In de 17e en 18e eeuw konden meer en meer welgestelde stedelingen in navolging van de adel zich een landgoed of buitenplaats in de omgeving van de stad veroorloven. Zo ontstond een buitenplaatscultuur, met comfortabele huizen in een aangename omgeving zodat de eigenaren in de zomer de drukke en stinkende stad konden ontvluchten. Lees verder...

Slideshow
4 afbeeldingen.
Tekst

In de voorgevel van het koetshuis is boven de ingangspartij een steen met de volgende tekst aangebracht:

DE.EERSTE.STEEN
GELEGD, DOOR
O R Feith
1839

Ontko Rhijnvis Feith was rentenier en eigenaar van Boschwijk en in tegenstelling tot zijn voorvaderen die er alleen in de zomer verbleven, bewoonde hij het huis het hele jaar door.[1]

Boschwijk
Van oorsprong bevond zich op deze plek een laat-middeleeuws agrarisch complex, inclusief een hofstede, vallend onder het buurtschap Zalné (Zwollerkerspel). Dit complex, goed Ten Busch genaamd, werd in 1716 aangekocht door hopman Egbert Ridder van Cornelis van Dongen tot den Oldengaerden. Een jaar later werd het door Egbert uitgebreid met het Alphersgoed, eveneens gelegen in Zalné.
De goederen werden jaren later verdeeld onder de broers Berend Hendrik en Egbert Spaar. De eerstegenoemde kreeg het Alphersgoed en de tweede ontving Boschwijk.

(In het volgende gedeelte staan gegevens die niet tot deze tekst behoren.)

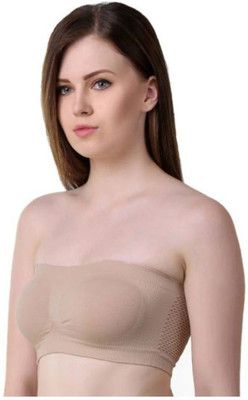 ECSS Women and Girls Tube Lightly padded Bra Women Bandeau/Tube Non Padded Bra(Beige)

In 1781 is er voor het eerst sprake van een echte buitenplaats wanneer bij de verdeling van de erfenis van Egbert Spaar aan Rhijnvis Feith "des overledens buitenplaats, genaamd Boswijk, met alles wat daar bij en aangelegen en door de overledene in de boerschap Salne bezeten is geweest” werd nagelaten. Het had een waarde van ƒ 53.484,00. De huurwaarde van het huis en de opbrengsten van de pachten en het hout bedroegen toen ruim ƒ 1.800,00 jaarlijks.

Rhijnvis Feith
De beroemde Zwolse dichter Rhijnvis Feith trouwde in 1772 met Ockje Groeneveld, samen kregen zij negen kinderen. Om zijn grote gezin te huisvesten, moest er nog wel wat gebeuren aan het eenvoudige huis. Hij liet het zo vergroten, dat er voldoende ruimte was voor de gehele familie. Na die periode van verbouwing door Feith, kon men spreken van een echte buitenplaats. De familie Feith woonde ’s-zomers op Boschwijk en verbleef ’s-winters in hun huis in de Bloemendalstraat.

Door een overstroming in het jaar 1809 liept Boschwijk zware schade op. Naar aanleiding van een dijkdoorbraak, schreef Rhijnvis Feith op 6 mei 1809, dat de gehele buurt onder water was komen te staan. "zoo dat zelfs het water over de vier voeten in mijn huis stond, en ik nu druk bezig ben, met alles te repareren, zoo ver zich dit doen laat, waartoe ik zeker met geen duizend daalders toekom".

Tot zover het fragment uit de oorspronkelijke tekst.